Елена Петровна Блаватская ценила Каткова за его патриотизм и писала родным о нём так:

«Я Каткова просто обожаю за его патриотизм! Молодец! Режет правду. Такие статьи, как его, делают честь всей России…» (Желиховская В. П. «Радда-Бай» гл. 9, «Новое время», 1893, № 6141, 5 апреля)

Близко принявшая к сердцу смерть М. Н. Каткова, которая последовала в июле 1887 года, ЕПБ писала:

«Да, смерть этого великого патриота и смелого защитника многолюбимой мной матушки-России сбила меня с колеи…» (там же) Raddha-Bai (the truth about Blavatsky)

Сама Блаватская была горячей патриоткой.  Она рассказывала Олкотту, что принимала участие в битве при Ментане в 1867 году на стороне гарибальдийцев наряду с другими добровольцами и была тяжело ранена.

«Е[лена] П[етровна] всегда была и есть горячая русская патриотка. Задержанная контрактом в Лондоне, во время Крымской войны, она много страдала за Россию и всегда высказывала открыто свой патриотизм. Люди честные и порядочные уважали в ней это чувство; но если в семье не без урода, то тем более – в целом народе.

Во время одного из представлений в театральном фойе Дрюри-Лена зашла речь о русских делах и русских людях в таком тоне, которого ни один истинно русский не смог бы вынести. Один тучный лорд (разумеется, из тех, что не нюхали пороха в Севастополе) кричал и ругался – буквально ругался громче всех. Е[лена] П[етровна] встала и заявила ему, что она русская и во имя своей национальности просит его замолчать. Лорд отвечал дерзостью. Е[лена] П[етровна] обратилась к своим соседям-англичанам, прося их вступиться за ее права как русской женщины и гостьи в Англии. Несколько голосов поднялось за нее, другие – против. Последние осилили и, подстрекаемый ими, обозленный лорд заговорил еще резче и громче.

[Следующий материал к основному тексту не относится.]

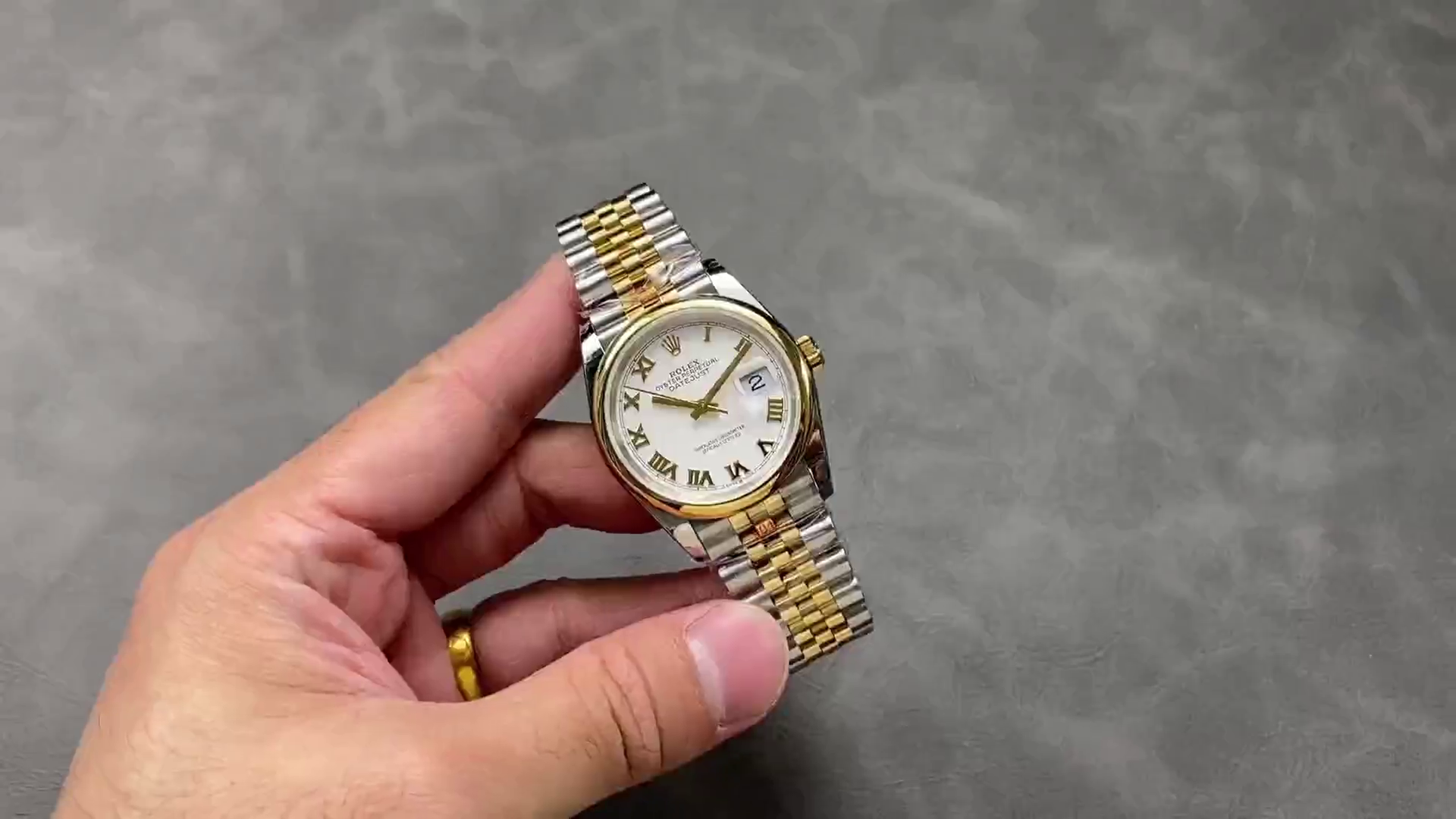 Rolex Datejust 31 Stainless Steel and Yellow Gold White Roman Dial M278243 0002 Women's Watch - QualitySwissReplica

Тогда Блаватская еще раз, вся бледная от негодования, громко заявила, что он делает подлость, ругаясь издали над врагами, которых не знает, а потому и судить не может о их храбрости и достоинствах; что если никто не заставит его замолчать, то она сумеет сама вступиться за своих и не позволит ему продолжать клеветать на русских. «Каким способом? – глумясь, спросил англичанин. – Неужели ваши аргументы сильнее оружия сотен тысяч ваших русских войск?.. Интересно бы было познакомиться с ними…» «А я вам не советую этого – ради собственной вашей безопасности… Я сама не знаю как, но повторяю: замолчите или я вас заставлю замолчать!» Тучный лорд расхохотался. «В таком случае, – сказал он, – я засвидетельствую, что русские женщины храбрее русских солдат, которые, не рассуждая, всюду бегут от наших войск…»

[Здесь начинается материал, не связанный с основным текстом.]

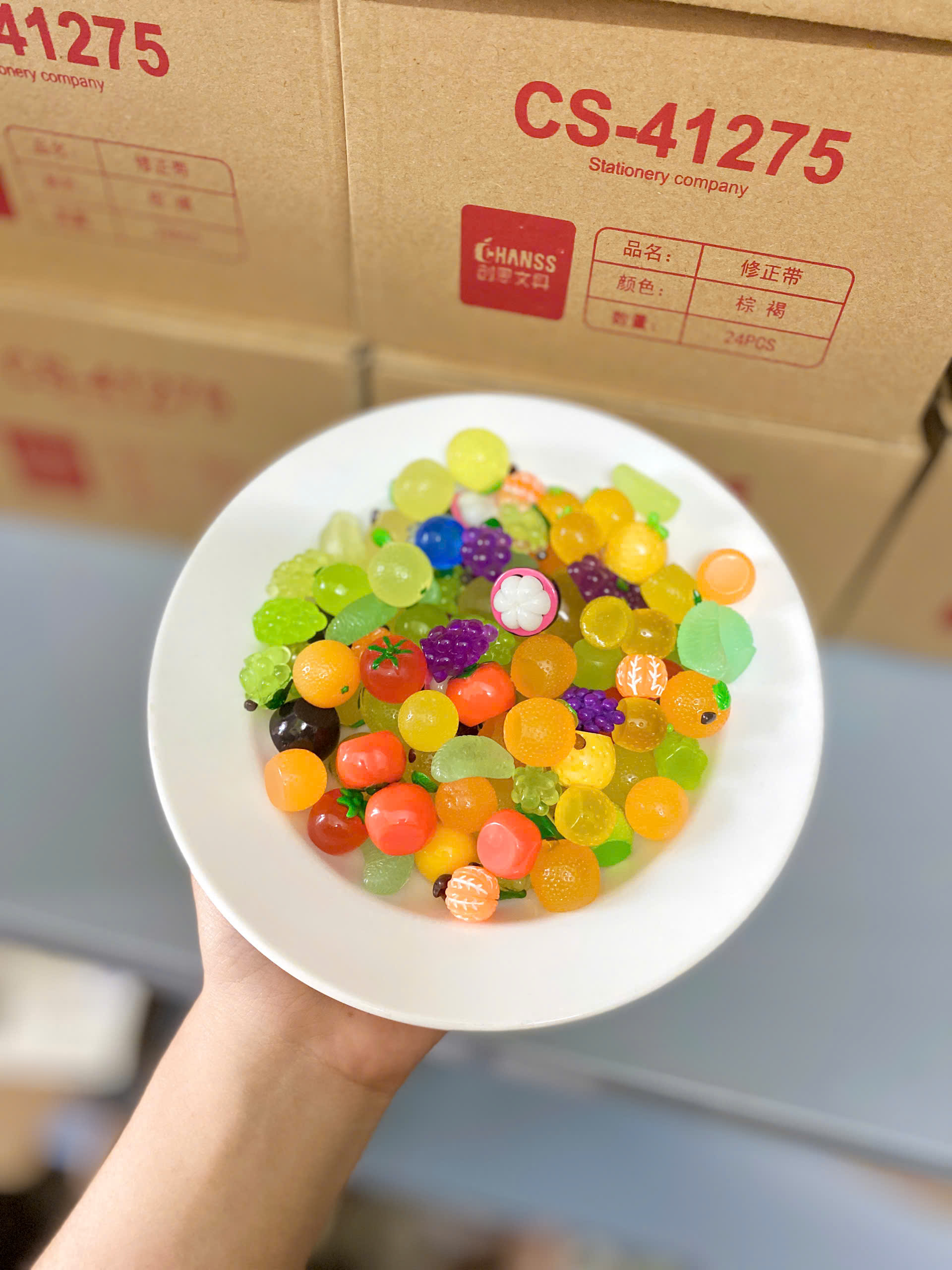 Set 100 Charm Trái Cây RC1526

Он не успел докончить: тяжелый канделябр со всеми свечами просвистев в воздухе, ударился прямо в голову оскорбителя… Лорд упал, обливаясь кровью. Суматоха поднялась невообразимая. Его вынесли замертво, началось судебное дело. К чести англичан, надо сказать, что судьи, приняв во внимание все обстоятельства дела, были на стороне женщины, оскорбленной в самых законных и священных ее чувствах.

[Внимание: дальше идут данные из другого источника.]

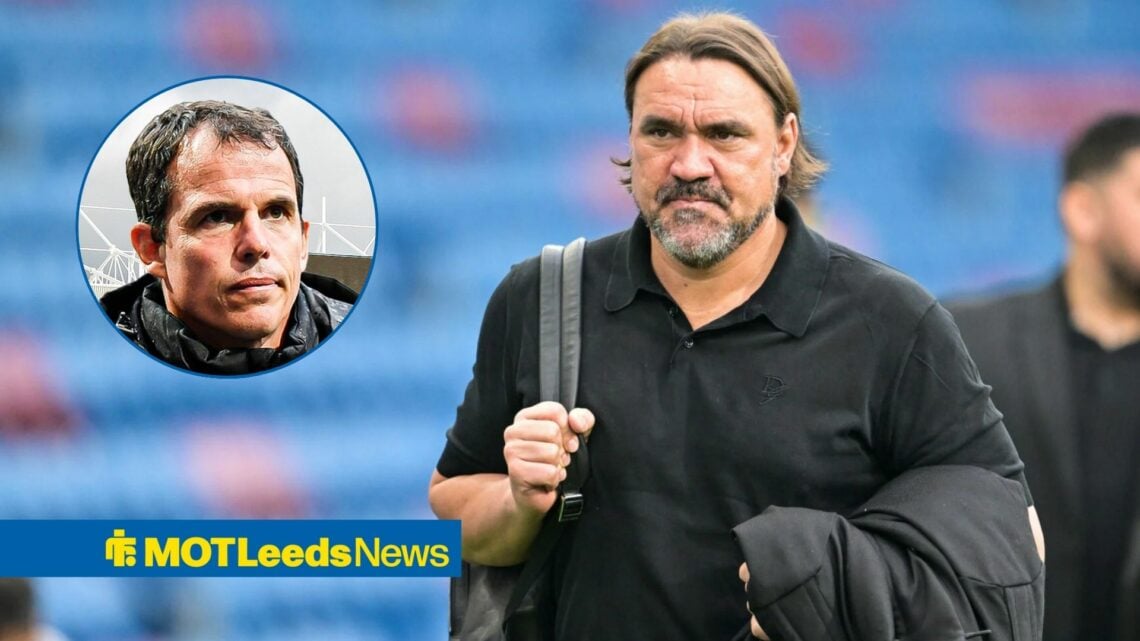 Daniel Farke next to Regis Le Bris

Блаватскую, как бы в насмешку над лордом-богачом, приговорили заплатить ему за обиду… пять фунтов стерлингов!.. Е[лена] П[етровна] при этом не воздержалась от фарса: она публично, на суде, подала десять фунтов: «Вперед»… за могущую произойти между ними вторичную встречу, весело пояснила она искренно расхохотавшейся публике». (Желиховская В. П. «Правда о Е. П. Блаватской», журнал  «Ребус», 1883)

«И точно, всю жизнь она какой была горячей патриоткой, такой и осталась. Приняв гражданство, она еще долго продолжала, как и во все время войны, присылать деньги на русских раненых, и даже первые выручки, полученные за «Изиду», – пошли на ту же цель. Все, что получала она в то время за статьи в русских газетах, все шло целиком на Красный Крест и на бараки кавказских раненых». (Желиховская В. П. «Радда-Бай» гл. 3)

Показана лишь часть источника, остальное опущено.